Tout bascule alors. On veut rire au théâtre et la loufoquerie prend le dessus. Offenbach fonde le petit théâtre Marigny avec des petites œuvres, genre Pépito ou Les Deux Aveugles avec 3 acteurs et peu de musiciens, puis Ba-ta-clan. Ce sera la collaboration avec Ludovic Halévy, le neveu de Fromental ; Hortense Schneider est la grande vedette du moment. Le théâtre des Bouffes parisiens vient de naître. L’empereur, consacre Offenbach et dès 1858 ses œuvres prennent de l’ampleur. Mesdames de la Halle et surtout Orphée aux enfers (1858), une caricature des mythes antiques, avec le célèbre galop infernal. C’est le succès. Offenbach acquiert alors sa villa « Orphée » à Etretat et, en 1860, il obtient la nationalité française.

Entre 1864 et 1868, Offenbach écrit quatre de ses opérettes les plus connues :

La Belle Hélène (1864), La Vie parisienne (1866), La Grande-duchesse de Gerolstein (1867) avec les couplets du général Boum où l’armée française est ridiculisée au grand plaisir de Otto von Bismarck, puis La Périchole (1868).
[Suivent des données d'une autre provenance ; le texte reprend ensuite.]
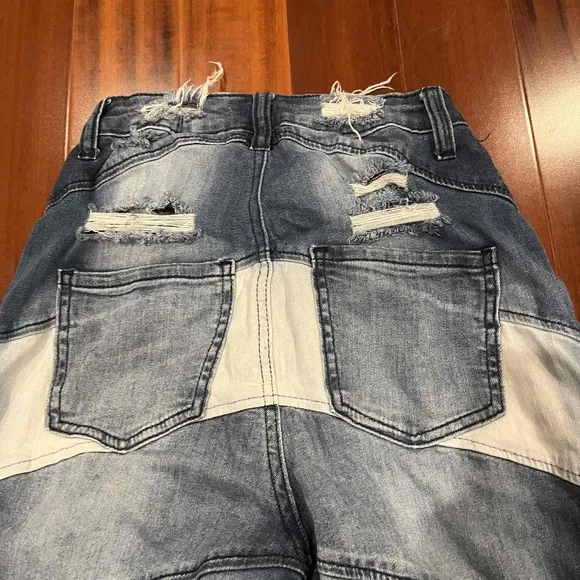 AKIRA Aphrodite Blue Jeans Distressed Ripped Wide Leg Patchwork Size 3 / 26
Henri Meilhac rejoint Halévy et avec Offenbach le trio HMO est formé, pour le meilleur du rire, de la caricature, de la satire avec ces fameux effets syllabiques. Les propos grivois, les échanges coquins vont bon train comme dans Pomme d’Api. C’est le succès ! D’autant que l’exposition universelle (1867) est passée par là avec une nouvelle diva, Zelma Bouffar. Impossible d’énumérer toutes les œuvres du « petit Mozart des champs Elysées » comme le nommait Rossini, tant elles furent nombreuses. Citons cependant Monsieur Choufleuri restera chez lui, livret du duc de Morny, deuxième personnage de l’Empire qui sera le parrain de son unique fils Auguste. Barbe Bleue, Les Brigands et L’île de Tulipatan leur succéderont. Tout est prétexte à une satire de la musique du temps : Donizetti, Auber et Wagner (couplets du Sabre de mon père dans La Grande Duchesse de Gerolstein ou encore dans Les Brigands). Survient alors la défaite de Sedan (1870). La princesse Eugénie rejette Offenbach qui se réfugie en Espagne. Ce sera l’avènement de la IIIème République et la montée de l’antisémitisme. Après 1871, les succès deviennent moins nombreux. Notre Maestro prendra la direction du théâtre de la Gaité et écrira encore Le Roi Carotte, Le voyage dans la lune, Madame Favard, La Fille du tambour-major. L’esprit a changé, finies les « bouffonneries ». L’opéra-comique remplace l’opéra-bouffe ; les opérettes viennoises sont à la mode et bientôt la véritable opérette adviendra avec Lecoq, Audran, Planquette, Varnay puis, après 14-18, Christiné avec Phiphi.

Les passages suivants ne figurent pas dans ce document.